* _WORK ORDER_: Report all lines from the entries below in which "Orange" appears.
---
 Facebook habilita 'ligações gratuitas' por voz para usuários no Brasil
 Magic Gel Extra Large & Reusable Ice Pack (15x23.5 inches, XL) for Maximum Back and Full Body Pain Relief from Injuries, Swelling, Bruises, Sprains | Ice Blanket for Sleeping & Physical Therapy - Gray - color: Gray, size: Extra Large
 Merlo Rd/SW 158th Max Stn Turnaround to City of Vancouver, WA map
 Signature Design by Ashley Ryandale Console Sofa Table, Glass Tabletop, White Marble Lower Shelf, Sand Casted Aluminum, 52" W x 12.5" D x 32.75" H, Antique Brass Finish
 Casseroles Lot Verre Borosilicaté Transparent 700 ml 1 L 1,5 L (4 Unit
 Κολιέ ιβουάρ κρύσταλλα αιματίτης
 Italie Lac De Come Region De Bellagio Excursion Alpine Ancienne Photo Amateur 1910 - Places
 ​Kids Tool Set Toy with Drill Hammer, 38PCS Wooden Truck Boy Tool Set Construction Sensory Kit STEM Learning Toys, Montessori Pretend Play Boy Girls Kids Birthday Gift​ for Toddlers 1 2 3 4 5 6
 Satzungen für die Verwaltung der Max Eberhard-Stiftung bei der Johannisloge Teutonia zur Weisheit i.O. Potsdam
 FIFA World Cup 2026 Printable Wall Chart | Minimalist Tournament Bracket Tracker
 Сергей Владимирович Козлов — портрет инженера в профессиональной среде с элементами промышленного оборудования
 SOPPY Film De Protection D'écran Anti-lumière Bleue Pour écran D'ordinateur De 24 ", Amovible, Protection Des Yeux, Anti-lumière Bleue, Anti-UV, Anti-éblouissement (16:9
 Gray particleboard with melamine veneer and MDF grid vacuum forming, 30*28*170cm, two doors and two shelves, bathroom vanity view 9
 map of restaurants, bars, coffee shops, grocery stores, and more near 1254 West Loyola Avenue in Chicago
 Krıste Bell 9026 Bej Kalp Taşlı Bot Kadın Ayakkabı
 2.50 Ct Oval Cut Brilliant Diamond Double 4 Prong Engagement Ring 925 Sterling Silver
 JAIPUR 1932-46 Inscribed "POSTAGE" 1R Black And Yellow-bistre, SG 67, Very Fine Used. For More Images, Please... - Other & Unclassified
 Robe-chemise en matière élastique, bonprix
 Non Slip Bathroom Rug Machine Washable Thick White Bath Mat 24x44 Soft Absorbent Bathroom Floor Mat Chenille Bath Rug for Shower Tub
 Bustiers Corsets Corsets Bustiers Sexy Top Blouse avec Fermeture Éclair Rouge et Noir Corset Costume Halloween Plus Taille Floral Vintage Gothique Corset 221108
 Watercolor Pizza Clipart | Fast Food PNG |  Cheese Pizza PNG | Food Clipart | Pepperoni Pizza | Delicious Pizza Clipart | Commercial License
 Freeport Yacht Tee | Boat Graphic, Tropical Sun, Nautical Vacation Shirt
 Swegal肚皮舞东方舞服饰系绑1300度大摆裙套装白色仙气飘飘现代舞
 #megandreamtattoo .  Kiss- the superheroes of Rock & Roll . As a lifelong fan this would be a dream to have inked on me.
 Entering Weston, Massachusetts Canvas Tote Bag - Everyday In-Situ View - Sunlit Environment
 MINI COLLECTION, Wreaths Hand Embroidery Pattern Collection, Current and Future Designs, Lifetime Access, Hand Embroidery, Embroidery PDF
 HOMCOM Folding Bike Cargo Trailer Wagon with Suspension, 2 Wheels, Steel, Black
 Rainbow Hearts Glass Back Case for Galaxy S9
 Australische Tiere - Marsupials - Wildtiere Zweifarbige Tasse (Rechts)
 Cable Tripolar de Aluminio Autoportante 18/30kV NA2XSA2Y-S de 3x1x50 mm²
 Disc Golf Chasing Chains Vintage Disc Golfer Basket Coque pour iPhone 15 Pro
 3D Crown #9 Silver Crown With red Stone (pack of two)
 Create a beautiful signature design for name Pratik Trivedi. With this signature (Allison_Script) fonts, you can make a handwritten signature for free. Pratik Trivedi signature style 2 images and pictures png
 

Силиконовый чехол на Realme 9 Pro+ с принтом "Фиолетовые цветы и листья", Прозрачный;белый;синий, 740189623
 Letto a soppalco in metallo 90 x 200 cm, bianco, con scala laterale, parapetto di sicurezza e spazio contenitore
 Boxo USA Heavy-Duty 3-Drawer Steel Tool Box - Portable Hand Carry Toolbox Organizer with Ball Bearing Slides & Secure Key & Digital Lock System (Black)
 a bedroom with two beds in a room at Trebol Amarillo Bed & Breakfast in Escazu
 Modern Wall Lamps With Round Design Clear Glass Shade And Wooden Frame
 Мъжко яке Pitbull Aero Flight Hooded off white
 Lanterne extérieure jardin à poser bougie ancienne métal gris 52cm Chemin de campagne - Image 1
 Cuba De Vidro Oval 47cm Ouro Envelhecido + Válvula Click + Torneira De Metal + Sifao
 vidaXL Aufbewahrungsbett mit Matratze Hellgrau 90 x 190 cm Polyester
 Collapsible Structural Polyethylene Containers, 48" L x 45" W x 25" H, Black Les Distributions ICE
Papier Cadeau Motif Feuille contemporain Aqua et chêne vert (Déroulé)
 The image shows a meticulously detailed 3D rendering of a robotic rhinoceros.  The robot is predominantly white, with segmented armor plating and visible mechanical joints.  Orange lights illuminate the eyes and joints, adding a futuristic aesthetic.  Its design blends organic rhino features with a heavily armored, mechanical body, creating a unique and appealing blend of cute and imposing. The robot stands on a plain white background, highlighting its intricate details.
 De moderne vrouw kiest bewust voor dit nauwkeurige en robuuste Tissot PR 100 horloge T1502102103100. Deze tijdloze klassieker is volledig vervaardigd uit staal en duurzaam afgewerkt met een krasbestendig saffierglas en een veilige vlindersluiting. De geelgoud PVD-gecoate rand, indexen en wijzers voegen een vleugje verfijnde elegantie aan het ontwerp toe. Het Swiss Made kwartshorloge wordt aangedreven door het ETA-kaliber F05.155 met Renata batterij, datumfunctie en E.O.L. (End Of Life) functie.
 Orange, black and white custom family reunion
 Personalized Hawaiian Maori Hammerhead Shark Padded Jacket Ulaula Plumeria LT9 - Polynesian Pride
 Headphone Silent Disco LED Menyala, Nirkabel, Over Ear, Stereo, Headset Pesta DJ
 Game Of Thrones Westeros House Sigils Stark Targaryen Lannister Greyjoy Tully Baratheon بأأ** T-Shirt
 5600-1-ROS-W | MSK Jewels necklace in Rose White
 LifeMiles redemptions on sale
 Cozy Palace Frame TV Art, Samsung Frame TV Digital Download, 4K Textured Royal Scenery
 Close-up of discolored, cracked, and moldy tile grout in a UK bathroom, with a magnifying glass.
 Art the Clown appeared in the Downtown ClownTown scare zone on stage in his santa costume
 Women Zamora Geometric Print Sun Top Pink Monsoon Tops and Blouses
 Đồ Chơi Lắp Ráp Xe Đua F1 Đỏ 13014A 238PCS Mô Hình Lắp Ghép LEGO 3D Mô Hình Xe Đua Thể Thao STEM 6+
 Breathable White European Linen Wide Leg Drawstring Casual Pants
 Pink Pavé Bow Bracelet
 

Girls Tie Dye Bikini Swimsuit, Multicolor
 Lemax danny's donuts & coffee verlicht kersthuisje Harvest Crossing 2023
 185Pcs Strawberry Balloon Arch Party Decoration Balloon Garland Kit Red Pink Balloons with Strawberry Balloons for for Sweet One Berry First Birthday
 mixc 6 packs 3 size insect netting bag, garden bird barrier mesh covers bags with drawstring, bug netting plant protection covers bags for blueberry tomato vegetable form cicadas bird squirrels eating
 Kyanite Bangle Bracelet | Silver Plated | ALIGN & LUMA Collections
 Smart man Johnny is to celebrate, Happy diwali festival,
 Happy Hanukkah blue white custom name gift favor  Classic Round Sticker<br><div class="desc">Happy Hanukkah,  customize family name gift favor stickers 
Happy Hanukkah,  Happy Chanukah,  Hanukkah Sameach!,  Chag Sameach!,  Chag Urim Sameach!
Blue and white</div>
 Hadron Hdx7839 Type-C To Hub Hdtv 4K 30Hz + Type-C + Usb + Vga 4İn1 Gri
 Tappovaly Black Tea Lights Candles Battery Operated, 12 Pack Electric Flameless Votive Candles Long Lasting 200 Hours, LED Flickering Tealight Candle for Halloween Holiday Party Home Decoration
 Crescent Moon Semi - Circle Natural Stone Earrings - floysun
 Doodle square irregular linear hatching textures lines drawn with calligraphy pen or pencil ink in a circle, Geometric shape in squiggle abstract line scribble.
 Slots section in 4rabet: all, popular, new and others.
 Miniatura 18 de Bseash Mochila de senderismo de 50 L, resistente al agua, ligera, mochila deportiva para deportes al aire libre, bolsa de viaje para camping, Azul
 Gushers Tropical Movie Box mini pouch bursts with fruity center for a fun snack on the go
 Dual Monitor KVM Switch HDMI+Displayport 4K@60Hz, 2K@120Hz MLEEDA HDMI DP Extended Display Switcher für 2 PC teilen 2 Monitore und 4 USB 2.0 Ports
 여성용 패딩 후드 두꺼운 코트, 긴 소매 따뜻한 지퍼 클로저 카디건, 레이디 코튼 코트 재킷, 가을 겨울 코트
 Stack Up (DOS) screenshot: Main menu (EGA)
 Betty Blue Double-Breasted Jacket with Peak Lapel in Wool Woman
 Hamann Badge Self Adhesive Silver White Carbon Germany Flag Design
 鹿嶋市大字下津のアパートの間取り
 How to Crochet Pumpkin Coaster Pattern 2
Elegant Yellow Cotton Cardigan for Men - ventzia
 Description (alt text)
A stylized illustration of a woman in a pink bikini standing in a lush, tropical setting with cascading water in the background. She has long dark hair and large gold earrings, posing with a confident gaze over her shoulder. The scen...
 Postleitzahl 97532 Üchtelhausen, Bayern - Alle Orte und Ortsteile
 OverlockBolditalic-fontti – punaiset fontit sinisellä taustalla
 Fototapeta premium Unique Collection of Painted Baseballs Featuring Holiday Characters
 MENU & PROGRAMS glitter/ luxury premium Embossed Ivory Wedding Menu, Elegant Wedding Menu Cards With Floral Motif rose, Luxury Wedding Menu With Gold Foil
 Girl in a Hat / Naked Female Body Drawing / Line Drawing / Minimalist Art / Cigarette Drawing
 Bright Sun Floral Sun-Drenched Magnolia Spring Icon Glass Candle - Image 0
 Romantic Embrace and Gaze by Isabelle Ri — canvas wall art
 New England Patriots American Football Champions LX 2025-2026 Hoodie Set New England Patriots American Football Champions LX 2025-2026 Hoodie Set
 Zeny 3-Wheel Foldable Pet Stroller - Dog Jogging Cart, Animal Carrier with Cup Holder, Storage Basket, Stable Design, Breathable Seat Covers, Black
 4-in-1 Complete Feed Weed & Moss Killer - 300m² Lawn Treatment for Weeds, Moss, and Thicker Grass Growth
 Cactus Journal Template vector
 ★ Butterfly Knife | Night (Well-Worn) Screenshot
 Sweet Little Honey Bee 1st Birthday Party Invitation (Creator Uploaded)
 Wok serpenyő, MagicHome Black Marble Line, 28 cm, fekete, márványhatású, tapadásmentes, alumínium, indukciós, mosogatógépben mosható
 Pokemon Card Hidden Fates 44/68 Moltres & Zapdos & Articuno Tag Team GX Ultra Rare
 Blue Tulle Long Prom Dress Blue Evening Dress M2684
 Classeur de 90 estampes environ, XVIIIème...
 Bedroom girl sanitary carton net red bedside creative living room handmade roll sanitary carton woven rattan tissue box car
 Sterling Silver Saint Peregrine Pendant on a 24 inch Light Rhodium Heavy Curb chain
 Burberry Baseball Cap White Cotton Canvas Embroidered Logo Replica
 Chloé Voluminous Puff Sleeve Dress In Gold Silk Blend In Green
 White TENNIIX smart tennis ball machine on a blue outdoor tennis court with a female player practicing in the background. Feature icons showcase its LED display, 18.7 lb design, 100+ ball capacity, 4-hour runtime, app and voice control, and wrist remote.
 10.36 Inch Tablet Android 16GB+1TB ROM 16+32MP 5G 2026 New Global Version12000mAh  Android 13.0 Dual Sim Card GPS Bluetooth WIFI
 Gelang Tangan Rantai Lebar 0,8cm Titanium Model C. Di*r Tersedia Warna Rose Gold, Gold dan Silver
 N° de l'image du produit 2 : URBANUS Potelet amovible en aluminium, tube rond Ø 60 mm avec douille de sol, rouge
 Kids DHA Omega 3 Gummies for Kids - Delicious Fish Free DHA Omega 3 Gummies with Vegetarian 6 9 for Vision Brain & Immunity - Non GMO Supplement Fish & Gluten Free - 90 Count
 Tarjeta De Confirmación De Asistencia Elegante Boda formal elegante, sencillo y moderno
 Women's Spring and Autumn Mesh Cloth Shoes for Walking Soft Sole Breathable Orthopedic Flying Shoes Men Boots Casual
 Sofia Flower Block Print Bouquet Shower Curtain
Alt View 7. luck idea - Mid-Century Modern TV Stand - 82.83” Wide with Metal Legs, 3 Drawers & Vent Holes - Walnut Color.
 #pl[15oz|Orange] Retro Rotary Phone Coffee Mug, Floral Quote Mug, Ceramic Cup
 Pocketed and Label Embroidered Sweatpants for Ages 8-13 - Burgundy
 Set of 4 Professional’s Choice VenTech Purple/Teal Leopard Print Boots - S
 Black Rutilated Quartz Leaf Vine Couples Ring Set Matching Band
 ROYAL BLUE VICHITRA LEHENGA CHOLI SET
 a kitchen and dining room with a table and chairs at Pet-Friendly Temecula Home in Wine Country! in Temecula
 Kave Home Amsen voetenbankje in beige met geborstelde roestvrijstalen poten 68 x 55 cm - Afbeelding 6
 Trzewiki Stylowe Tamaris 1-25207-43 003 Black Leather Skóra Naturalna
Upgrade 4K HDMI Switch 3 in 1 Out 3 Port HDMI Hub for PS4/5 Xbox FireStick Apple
---
* _ANSWER BOX_:
 The image shows a meticulously detailed 3D rendering of a robotic rhinoceros.  The robot is predominantly white, with segmented armor plating and visible mechanical joints.  Orange lights illuminate the eyes and joints, adding a futuristic aesthetic.  Its design blends organic rhino features with a heavily armored, mechanical body, creating a unique and appealing blend of cute and imposing. The robot stands on a plain white background, highlighting its intricate details.
 Orange, black and white custom family reunion
 #pl[15oz|Orange] Retro Rotary Phone Coffee Mug, Floral Quote Mug, Ceramic Cup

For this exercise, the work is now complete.